## EXERCISE DESCRIPTION
State how many lines of the entries below hold the word "White"; reply with nothing but the number.

## INPUT DATA
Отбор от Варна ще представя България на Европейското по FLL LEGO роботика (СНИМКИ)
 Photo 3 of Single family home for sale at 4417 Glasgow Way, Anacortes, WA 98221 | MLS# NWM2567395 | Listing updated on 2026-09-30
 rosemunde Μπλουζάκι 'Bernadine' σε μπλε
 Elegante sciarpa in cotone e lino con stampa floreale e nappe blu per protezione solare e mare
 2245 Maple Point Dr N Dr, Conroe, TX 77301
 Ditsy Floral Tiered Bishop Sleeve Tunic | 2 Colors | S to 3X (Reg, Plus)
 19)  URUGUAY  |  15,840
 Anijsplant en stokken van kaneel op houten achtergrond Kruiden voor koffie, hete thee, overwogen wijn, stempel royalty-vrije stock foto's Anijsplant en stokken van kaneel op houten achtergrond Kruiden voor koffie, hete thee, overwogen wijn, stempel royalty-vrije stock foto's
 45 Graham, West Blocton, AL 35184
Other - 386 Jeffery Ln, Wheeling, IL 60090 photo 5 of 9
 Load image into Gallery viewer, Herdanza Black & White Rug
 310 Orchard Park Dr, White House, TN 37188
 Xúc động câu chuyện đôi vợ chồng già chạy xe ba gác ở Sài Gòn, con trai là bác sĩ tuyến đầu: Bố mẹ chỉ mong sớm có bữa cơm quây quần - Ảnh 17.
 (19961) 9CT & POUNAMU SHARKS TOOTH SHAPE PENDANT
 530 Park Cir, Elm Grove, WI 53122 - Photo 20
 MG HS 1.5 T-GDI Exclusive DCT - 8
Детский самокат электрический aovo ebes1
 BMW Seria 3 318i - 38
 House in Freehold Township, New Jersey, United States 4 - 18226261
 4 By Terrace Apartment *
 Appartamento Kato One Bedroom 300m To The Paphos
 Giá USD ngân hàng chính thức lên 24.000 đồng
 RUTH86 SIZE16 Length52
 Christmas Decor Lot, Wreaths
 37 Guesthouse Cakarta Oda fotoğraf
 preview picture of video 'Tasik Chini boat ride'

## SOLVED EXERCISE
2